Edmée de Xhavée a lu "Nuageux à couvert" de Marcelle Dumont
On peut dire qu’on ne la joue pas à Marcelle Dumont, et qu’on ne lui fait pas prendre des vessies pour des lanternes, des solitudes qui se trainent pour de fantastiques accomplissements, des mariages juste un peu mieux que le suicide pour de merveilleuses conclusions amoureuses…
On suit ces créatures égarées dans le tissu des conventions sociales, dans l’aspiration au mariage, dans le langoureux soupir après l’amour, dans la séduction vénéneuse qui fait qu’une femme est une vraie femme, dans d’épuisantes représentations de femmes-enfants qu’on doit délicatement entourer, dans le courage aveugle de qui veut vivre et ressusciter d’un mariage mort-né… et on a beau savoir qu’elles ont souvent tort de se cramponner aux mauvaises bouées de sauvetages, aux mauvais rêves d’avenir, aux mauvais guides dans la vie… elles sont un triste bouquet de chagrin, de pathétique obstination ou confiance…

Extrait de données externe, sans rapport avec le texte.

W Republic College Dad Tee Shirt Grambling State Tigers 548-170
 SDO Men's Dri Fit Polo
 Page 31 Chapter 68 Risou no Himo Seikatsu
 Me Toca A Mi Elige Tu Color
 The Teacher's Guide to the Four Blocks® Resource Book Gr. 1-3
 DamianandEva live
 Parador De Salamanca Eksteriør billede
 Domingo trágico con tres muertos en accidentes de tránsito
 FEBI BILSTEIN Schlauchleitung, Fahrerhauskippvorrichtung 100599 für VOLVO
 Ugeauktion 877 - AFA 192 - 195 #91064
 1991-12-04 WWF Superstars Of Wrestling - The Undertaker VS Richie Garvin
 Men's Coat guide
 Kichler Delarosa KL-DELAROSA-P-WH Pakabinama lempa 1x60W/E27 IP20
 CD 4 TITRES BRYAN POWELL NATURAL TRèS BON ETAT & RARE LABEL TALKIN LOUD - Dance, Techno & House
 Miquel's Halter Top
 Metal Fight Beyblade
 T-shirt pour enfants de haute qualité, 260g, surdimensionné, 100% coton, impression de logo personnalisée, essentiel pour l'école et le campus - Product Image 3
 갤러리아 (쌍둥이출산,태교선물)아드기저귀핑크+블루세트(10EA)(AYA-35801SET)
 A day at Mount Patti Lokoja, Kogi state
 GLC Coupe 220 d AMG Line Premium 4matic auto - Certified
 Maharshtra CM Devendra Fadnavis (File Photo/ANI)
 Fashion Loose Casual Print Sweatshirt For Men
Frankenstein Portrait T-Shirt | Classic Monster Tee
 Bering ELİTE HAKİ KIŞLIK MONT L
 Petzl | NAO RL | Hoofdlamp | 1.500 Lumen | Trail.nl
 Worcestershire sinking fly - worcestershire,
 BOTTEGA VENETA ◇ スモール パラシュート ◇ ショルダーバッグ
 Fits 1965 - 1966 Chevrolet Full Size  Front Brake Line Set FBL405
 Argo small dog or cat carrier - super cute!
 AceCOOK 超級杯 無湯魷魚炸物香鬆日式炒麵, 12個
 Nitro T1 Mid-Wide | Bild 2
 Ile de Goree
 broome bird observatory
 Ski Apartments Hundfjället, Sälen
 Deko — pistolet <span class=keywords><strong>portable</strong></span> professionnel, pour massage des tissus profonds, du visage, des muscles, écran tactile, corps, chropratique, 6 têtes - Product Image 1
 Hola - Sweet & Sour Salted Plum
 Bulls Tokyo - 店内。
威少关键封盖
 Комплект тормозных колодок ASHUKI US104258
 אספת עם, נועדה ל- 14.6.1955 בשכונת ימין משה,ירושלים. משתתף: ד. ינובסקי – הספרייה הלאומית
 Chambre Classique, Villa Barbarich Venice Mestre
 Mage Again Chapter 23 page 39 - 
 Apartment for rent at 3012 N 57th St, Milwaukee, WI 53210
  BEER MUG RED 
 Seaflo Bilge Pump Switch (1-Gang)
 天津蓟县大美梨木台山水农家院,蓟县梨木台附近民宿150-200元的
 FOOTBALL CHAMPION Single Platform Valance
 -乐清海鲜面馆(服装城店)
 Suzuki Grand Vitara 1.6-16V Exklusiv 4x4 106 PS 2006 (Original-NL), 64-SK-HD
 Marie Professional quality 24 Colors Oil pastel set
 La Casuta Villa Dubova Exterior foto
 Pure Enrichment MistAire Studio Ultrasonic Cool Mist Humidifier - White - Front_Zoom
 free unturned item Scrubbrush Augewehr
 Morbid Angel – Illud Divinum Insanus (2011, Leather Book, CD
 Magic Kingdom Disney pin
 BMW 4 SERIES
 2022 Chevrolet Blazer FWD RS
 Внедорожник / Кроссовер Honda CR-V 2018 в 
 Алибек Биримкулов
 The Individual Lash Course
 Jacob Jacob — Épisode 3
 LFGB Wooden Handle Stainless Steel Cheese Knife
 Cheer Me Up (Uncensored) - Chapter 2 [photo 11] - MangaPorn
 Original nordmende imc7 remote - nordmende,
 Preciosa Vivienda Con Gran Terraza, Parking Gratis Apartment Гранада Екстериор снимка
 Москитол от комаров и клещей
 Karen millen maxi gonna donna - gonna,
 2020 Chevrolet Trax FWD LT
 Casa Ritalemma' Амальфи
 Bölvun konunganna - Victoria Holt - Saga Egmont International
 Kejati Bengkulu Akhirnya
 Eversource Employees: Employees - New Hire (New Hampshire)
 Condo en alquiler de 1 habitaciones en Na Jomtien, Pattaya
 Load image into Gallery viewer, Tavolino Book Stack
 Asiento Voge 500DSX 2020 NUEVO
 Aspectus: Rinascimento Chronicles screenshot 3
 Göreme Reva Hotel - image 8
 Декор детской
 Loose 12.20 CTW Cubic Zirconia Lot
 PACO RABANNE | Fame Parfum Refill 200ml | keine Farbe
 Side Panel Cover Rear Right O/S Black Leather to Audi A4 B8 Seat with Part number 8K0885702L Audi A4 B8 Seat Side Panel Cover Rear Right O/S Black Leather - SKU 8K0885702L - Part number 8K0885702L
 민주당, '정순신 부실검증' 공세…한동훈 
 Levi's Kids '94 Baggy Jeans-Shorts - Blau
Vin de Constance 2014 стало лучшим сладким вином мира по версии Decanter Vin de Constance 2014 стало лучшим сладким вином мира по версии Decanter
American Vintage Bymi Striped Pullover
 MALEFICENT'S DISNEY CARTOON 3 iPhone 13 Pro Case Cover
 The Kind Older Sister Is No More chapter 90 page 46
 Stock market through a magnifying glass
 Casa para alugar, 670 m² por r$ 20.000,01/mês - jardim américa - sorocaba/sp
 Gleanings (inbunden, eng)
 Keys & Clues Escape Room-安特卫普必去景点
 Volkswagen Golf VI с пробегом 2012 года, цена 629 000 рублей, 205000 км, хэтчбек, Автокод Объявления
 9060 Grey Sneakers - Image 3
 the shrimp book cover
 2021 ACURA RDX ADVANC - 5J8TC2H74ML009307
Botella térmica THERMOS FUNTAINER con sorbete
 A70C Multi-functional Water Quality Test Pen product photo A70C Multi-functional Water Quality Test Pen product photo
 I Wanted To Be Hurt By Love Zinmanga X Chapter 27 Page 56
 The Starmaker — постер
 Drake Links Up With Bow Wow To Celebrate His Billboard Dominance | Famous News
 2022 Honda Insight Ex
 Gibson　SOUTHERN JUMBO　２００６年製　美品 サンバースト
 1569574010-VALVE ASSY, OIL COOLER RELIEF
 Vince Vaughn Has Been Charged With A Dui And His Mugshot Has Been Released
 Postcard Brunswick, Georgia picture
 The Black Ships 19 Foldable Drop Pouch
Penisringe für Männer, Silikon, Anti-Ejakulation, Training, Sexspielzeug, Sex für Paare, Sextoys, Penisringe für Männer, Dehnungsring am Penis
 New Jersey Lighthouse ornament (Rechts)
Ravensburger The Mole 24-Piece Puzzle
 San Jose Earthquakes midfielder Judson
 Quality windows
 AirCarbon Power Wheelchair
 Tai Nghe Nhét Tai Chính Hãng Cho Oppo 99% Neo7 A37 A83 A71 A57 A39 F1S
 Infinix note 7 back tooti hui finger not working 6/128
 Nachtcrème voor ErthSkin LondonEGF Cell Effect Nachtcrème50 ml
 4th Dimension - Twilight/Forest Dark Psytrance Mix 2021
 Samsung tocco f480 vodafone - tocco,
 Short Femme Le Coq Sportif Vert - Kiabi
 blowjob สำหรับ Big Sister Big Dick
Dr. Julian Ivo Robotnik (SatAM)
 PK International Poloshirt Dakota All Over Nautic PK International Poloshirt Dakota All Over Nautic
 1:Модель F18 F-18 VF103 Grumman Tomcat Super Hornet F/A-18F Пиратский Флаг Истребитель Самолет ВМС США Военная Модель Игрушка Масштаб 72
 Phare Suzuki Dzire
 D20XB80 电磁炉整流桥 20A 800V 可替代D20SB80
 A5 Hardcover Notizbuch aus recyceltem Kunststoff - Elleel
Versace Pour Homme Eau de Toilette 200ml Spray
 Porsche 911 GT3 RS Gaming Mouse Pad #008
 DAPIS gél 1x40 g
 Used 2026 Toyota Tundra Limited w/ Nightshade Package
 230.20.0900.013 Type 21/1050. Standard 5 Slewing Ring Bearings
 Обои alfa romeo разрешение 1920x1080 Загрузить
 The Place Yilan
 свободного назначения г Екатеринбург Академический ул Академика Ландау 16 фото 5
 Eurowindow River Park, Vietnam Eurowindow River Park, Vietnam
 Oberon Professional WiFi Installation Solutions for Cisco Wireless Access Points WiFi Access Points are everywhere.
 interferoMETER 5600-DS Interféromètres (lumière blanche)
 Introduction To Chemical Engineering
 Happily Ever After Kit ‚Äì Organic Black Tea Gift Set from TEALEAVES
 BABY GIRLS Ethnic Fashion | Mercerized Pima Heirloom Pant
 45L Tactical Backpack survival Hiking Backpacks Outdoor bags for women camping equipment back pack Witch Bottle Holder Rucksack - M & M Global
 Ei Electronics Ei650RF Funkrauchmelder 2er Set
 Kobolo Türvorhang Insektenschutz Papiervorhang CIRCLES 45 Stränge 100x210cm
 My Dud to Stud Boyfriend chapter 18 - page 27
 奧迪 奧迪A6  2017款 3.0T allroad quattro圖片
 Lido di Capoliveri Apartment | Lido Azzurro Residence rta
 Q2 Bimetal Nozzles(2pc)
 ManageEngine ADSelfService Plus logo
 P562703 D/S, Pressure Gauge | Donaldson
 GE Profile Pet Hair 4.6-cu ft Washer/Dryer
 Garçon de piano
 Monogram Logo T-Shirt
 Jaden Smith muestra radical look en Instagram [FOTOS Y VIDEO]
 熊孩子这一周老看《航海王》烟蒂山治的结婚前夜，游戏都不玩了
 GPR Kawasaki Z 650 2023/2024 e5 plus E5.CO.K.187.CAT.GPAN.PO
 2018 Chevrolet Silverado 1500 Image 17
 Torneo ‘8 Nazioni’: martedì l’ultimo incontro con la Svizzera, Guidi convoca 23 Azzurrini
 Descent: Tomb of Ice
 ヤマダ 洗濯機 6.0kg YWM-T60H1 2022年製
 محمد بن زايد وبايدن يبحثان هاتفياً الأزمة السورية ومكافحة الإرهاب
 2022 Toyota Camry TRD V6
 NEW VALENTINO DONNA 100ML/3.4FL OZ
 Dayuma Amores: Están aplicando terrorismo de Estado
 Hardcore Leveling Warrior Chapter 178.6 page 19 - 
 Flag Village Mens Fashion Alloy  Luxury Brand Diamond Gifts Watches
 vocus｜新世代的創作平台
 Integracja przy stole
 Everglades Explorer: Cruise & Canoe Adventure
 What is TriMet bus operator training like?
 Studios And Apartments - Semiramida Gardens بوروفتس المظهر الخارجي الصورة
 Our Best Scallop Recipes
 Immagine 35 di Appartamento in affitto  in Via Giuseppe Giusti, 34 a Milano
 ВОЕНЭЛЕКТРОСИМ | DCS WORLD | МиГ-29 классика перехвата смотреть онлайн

Et on leur aurait volontiers souhaité un peu de jugement, un peu de chance, un peu de liberté pour que leur vie soit toute autre.
Mademoiselle Alberte, par exemple, celle qui ouvre le défilé dans ce recueil de nouvelles. On la voit resplendir comme une pivoine fraîche dont la floraison sera aussi éphémère que magnifique. On la suit jusqu’à son seul réel combat, bien tardif après avoir tout perdu sur son chemin. Elle m’a rappelé une certaine Mimi de mon enfance, que ma mère et ses frères appelaient « La fiancée du curé » parce qu’elle ne ratait pas une messe, et s’y rendait vêtue avec dix ans de retard sur la mode et vingt ans de trop pour la coupe et la coquetterie…
Les fiancés épistolaires enfermés dans une guerre sont tellement touchants, ces cartes dont l’espace est trop petit pour dire du superflu et dont chaque phrase en contient d’autres, secrètes et palpitantes… Que deviendront-ils ?
Et Christine, qui ne peut faire face à son veuvage, et n’y fait d’ailleurs pas face, jouant à d’autres réalités aussi longtemps qu’elle le peut.
Toutes ces femmes sont véritables, nous les avons connues, en pièces détachées parfois, et assemblées autrement, mais nous les avons connues… Et Marcelle Dumont sait ce qu’elle voit, au-delà des falbalas, rires, coupes de champagne et bonheur affiché…
Une belle écriture, une observation précise, et des histoires dont chacune reste étonnante en fin de lecture.